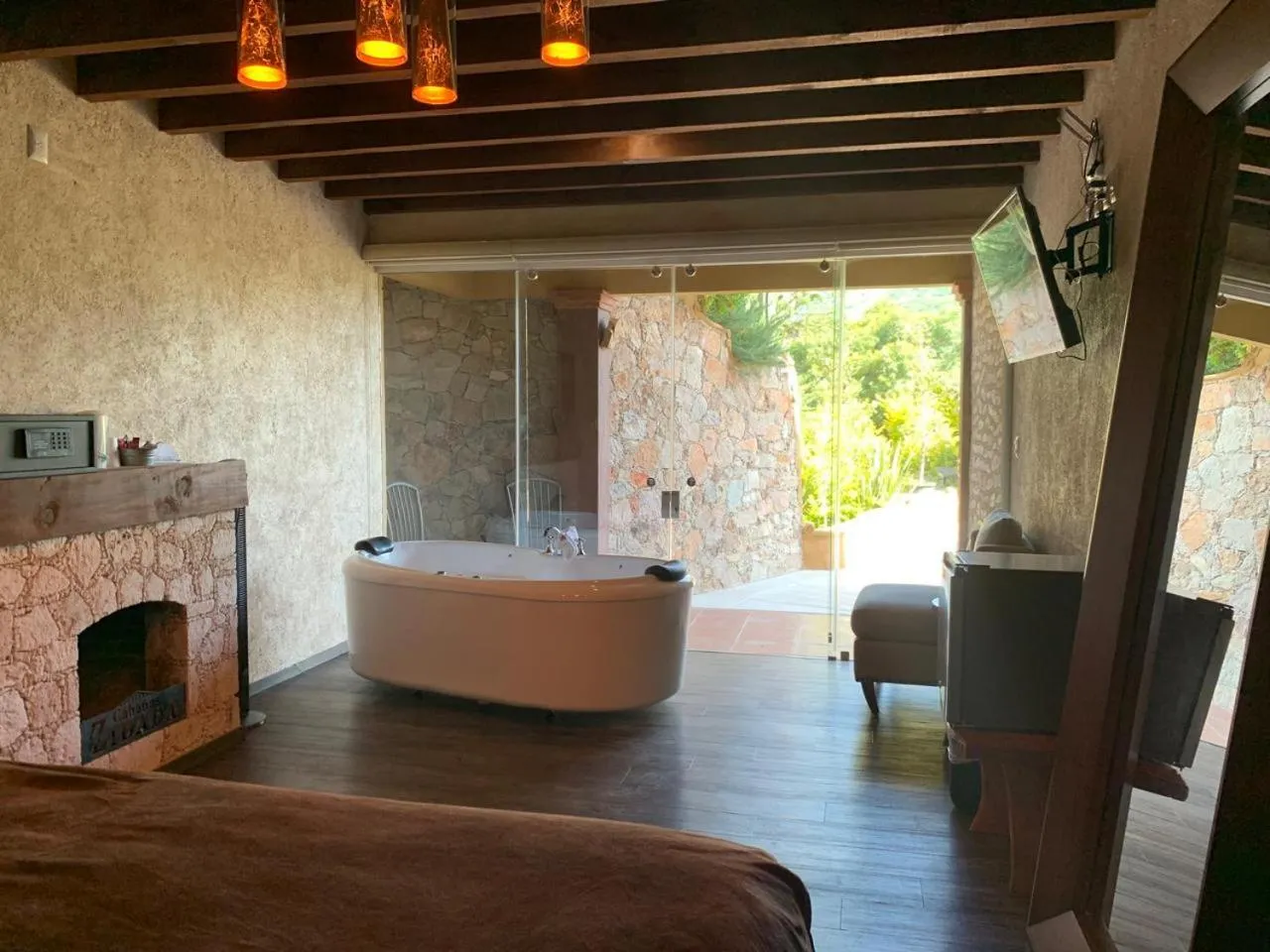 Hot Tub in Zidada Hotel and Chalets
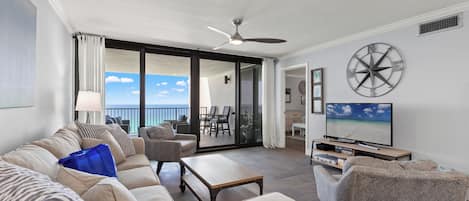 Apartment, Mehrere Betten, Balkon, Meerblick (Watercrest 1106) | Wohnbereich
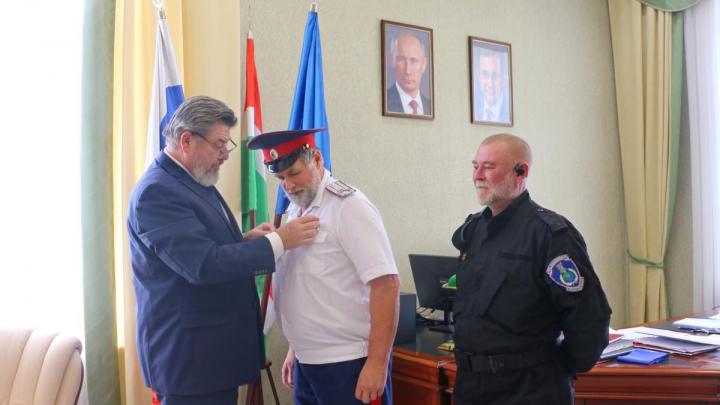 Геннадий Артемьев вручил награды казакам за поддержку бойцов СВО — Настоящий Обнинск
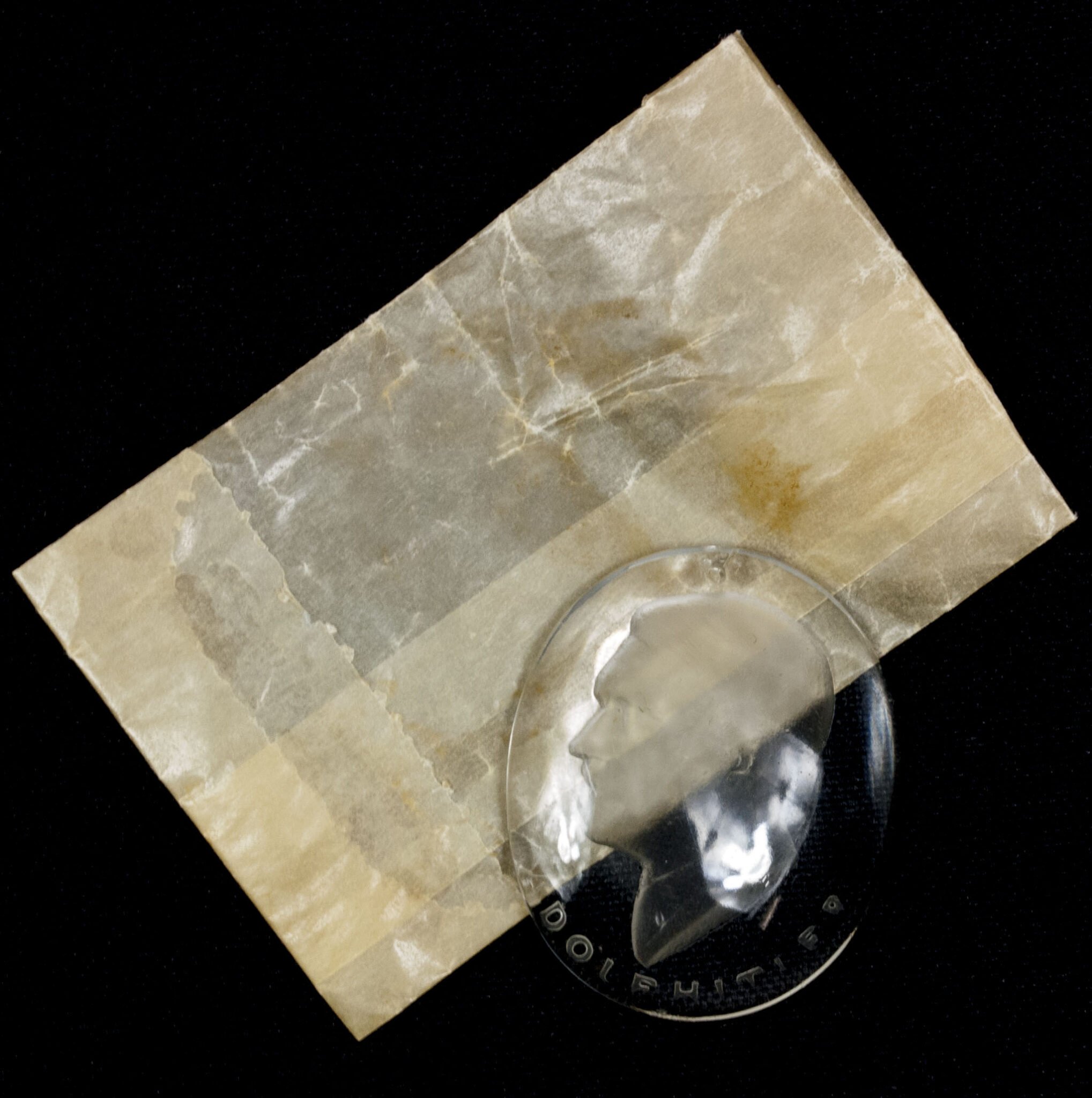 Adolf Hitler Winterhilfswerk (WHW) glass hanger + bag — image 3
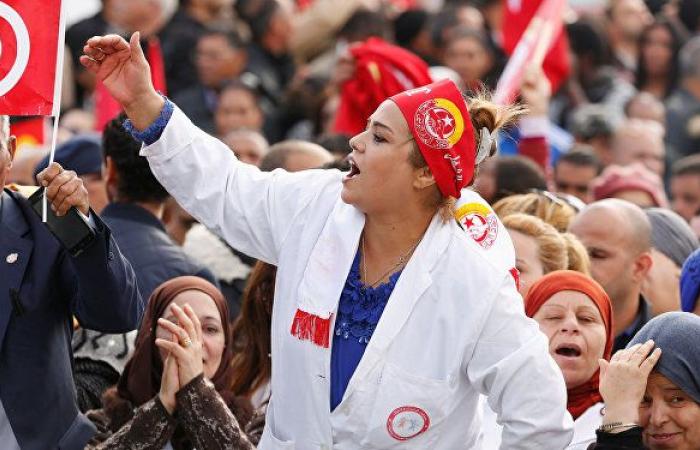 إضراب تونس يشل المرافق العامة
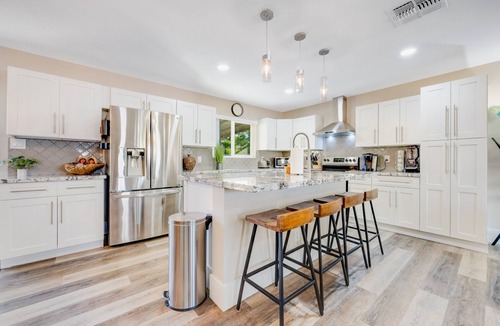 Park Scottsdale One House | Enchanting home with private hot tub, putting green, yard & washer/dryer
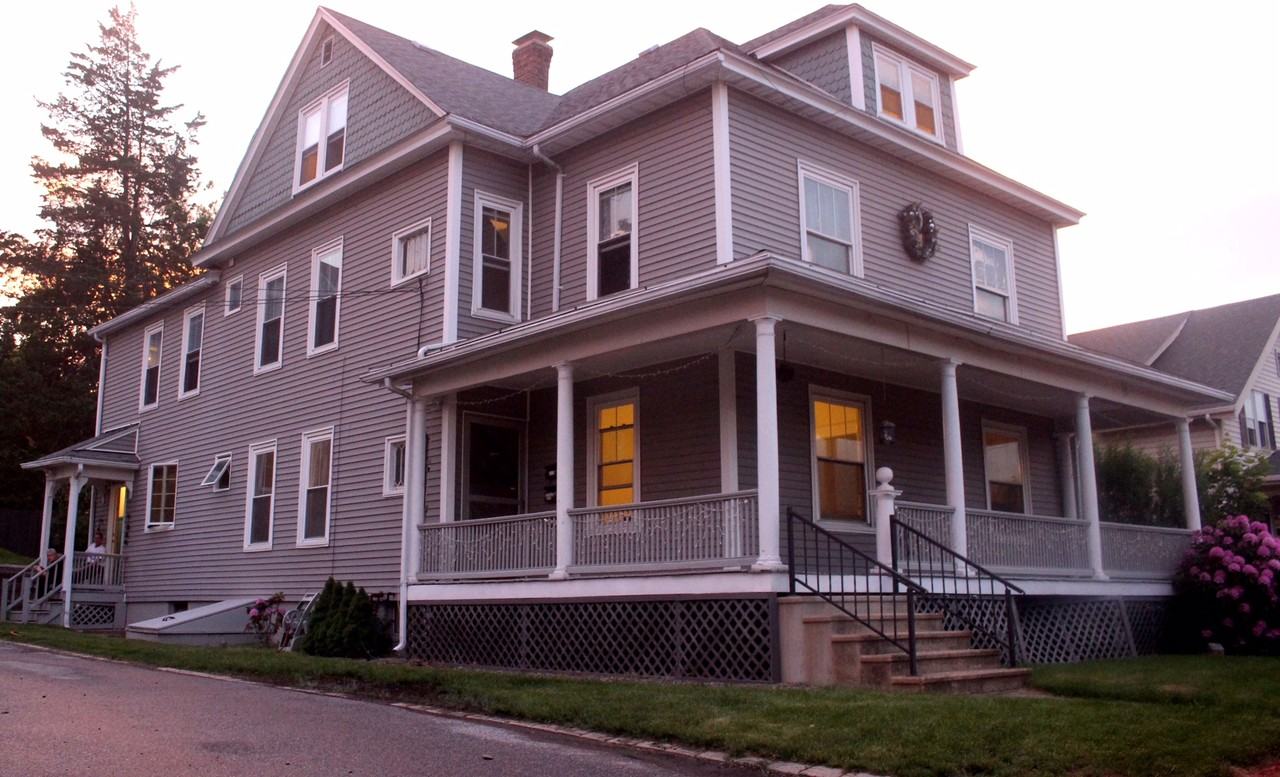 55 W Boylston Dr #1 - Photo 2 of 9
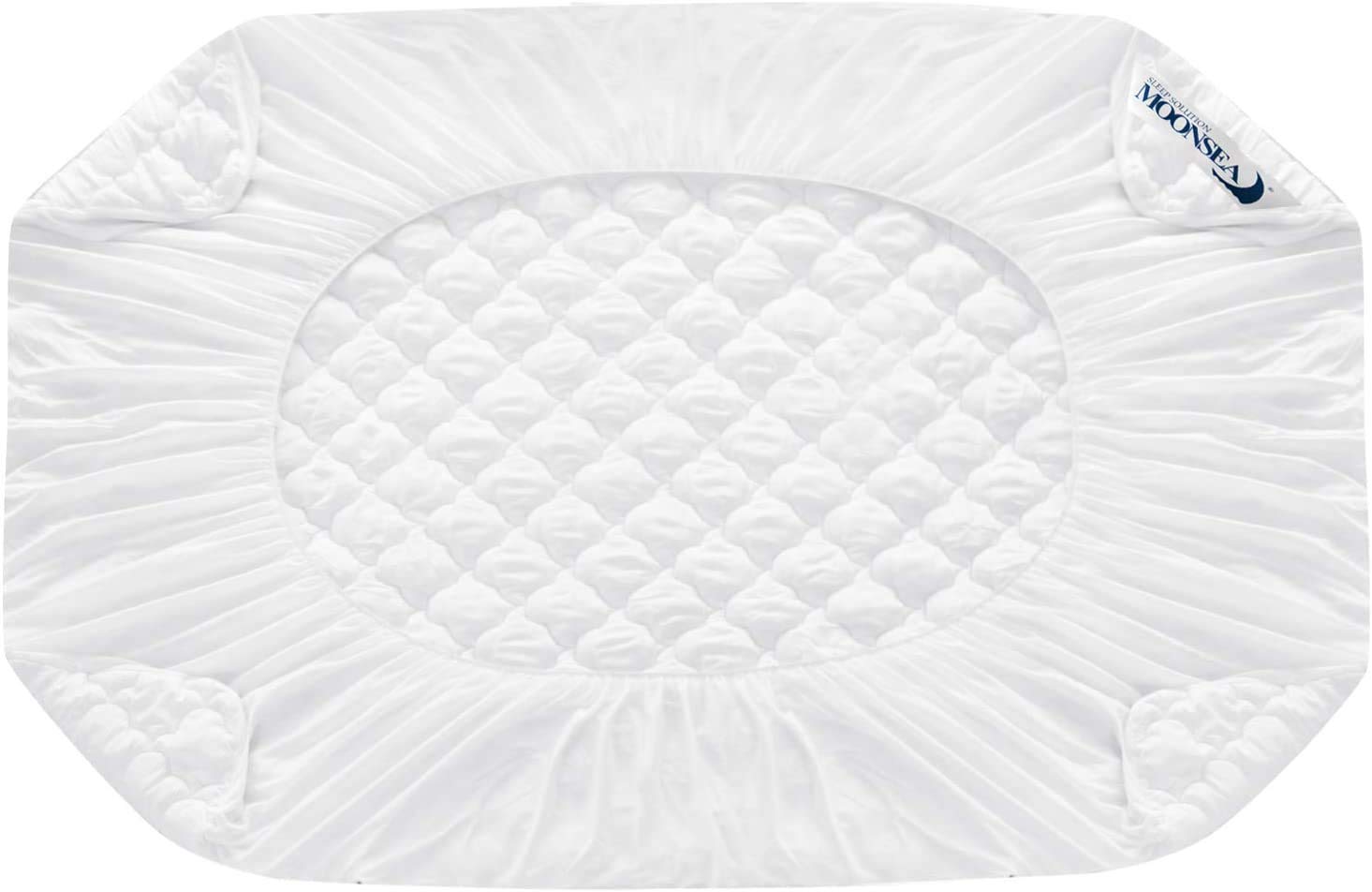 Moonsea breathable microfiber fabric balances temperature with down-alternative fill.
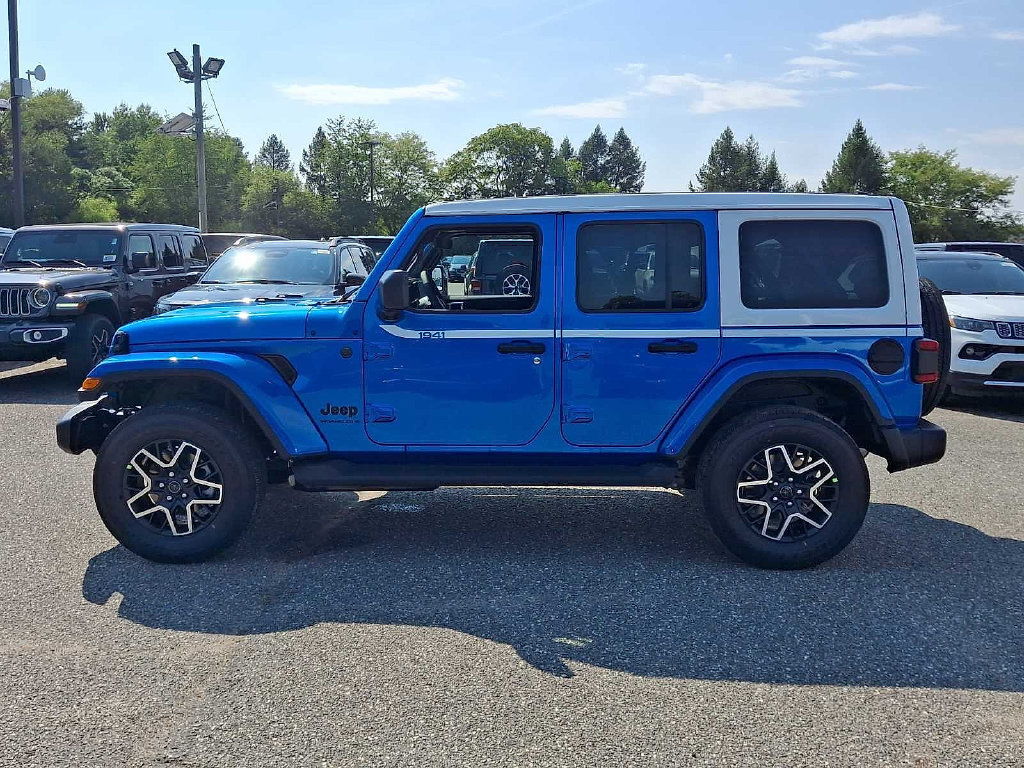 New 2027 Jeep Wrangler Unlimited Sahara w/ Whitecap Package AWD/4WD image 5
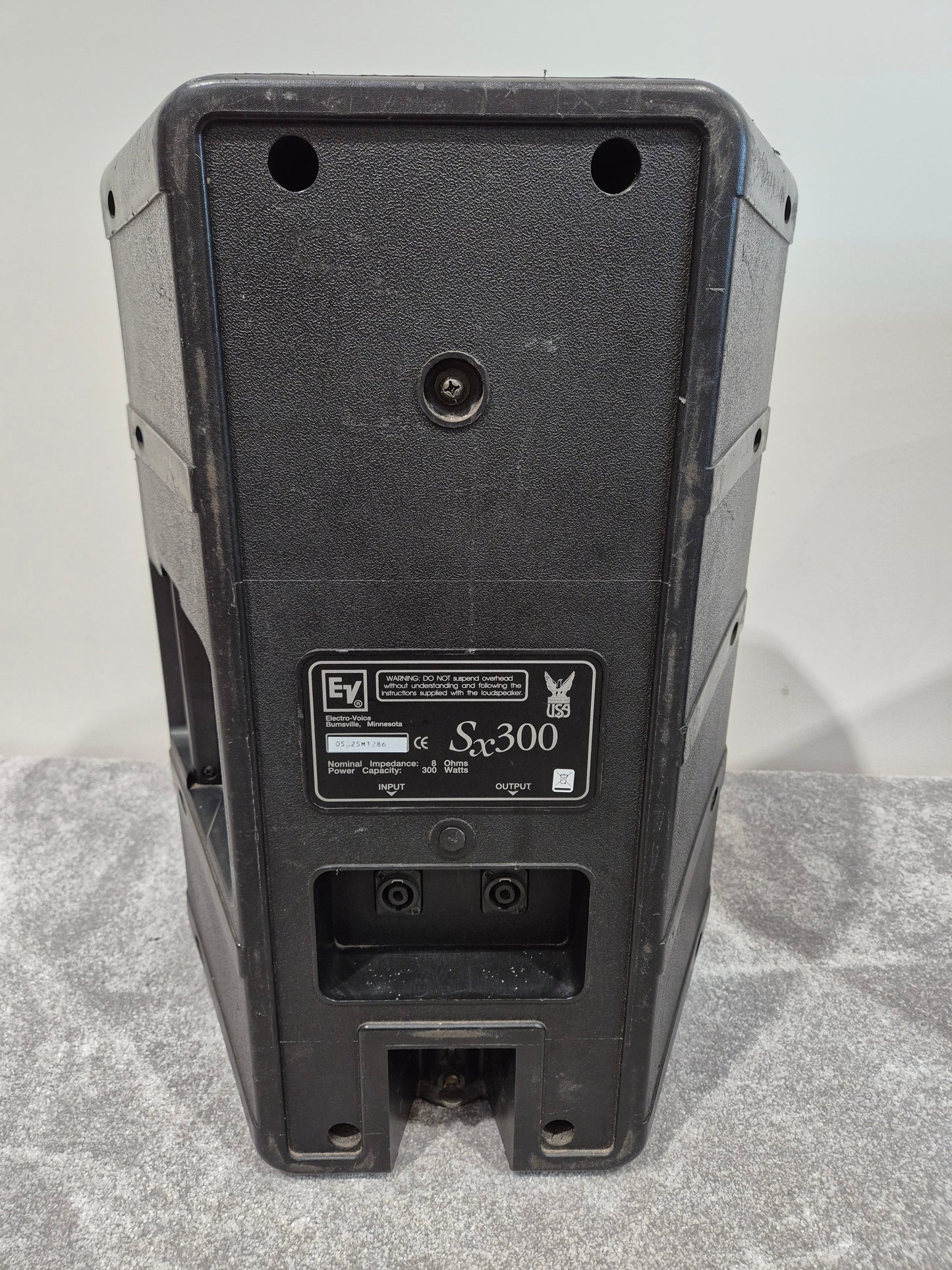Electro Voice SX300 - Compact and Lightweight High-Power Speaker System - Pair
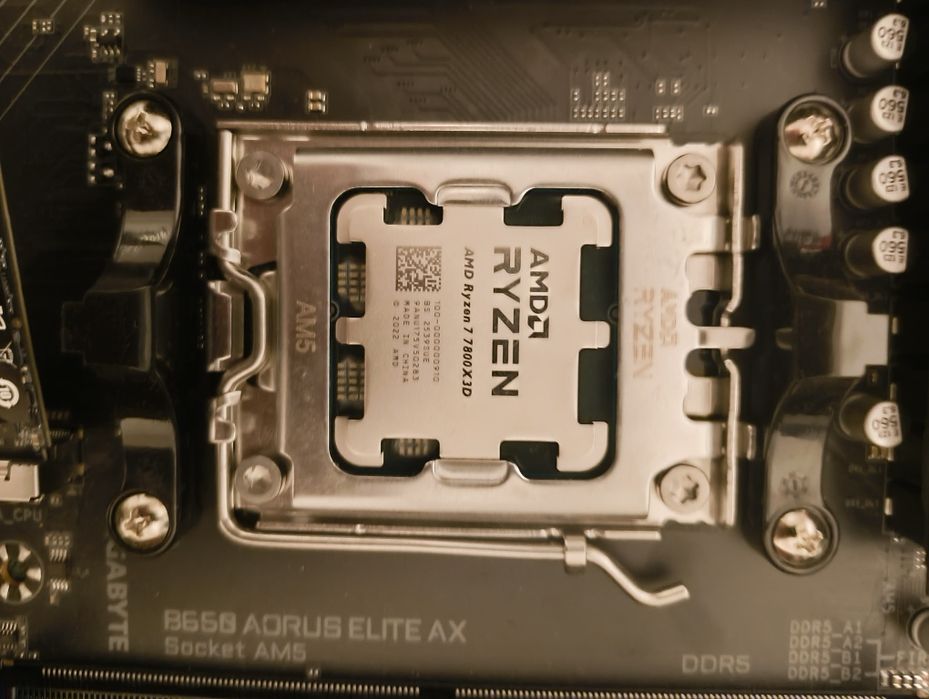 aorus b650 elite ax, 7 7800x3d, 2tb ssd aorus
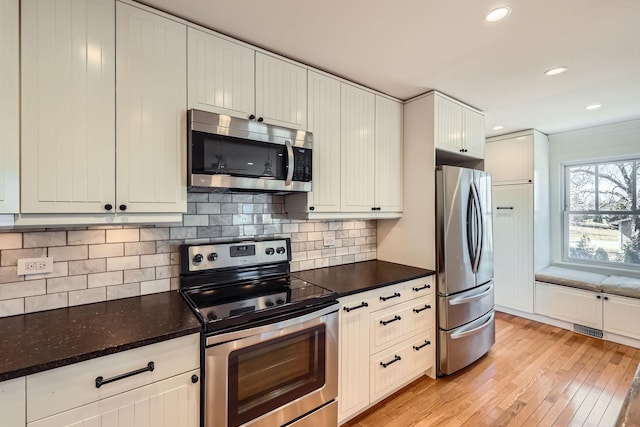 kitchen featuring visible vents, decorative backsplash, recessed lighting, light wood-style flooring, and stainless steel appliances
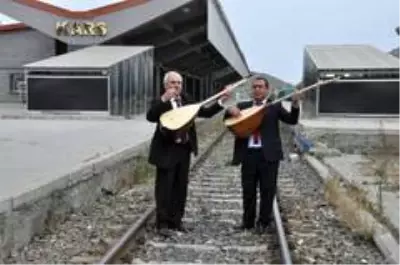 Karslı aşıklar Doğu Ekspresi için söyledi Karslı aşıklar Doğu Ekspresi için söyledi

» WORK ITEM
Copy only these lines from the records above, exactly: the one with "Adolf Hitler Winterhilfswerk", the one with "aorus b650 elite", and those between. Skip the pictures.

» ANSWER TO THIS EXERCISE
 Adolf Hitler Winterhilfswerk (WHW) glass hanger + bag — image 3
 إضراب تونس يشل المرافق العامة
 Park Scottsdale One House | Enchanting home with private hot tub, putting green, yard & washer/dryer
 55 W Boylston Dr #1 - Photo 2 of 9
 Moonsea breathable microfiber fabric balances temperature with down-alternative fill.
 New 2027 Jeep Wrangler Unlimited Sahara w/ Whitecap Package AWD/4WD image 5
Electro Voice SX300 - Compact and Lightweight High-Power Speaker System - Pair
 aorus b650 elite ax, 7 7800x3d, 2tb ssd aorus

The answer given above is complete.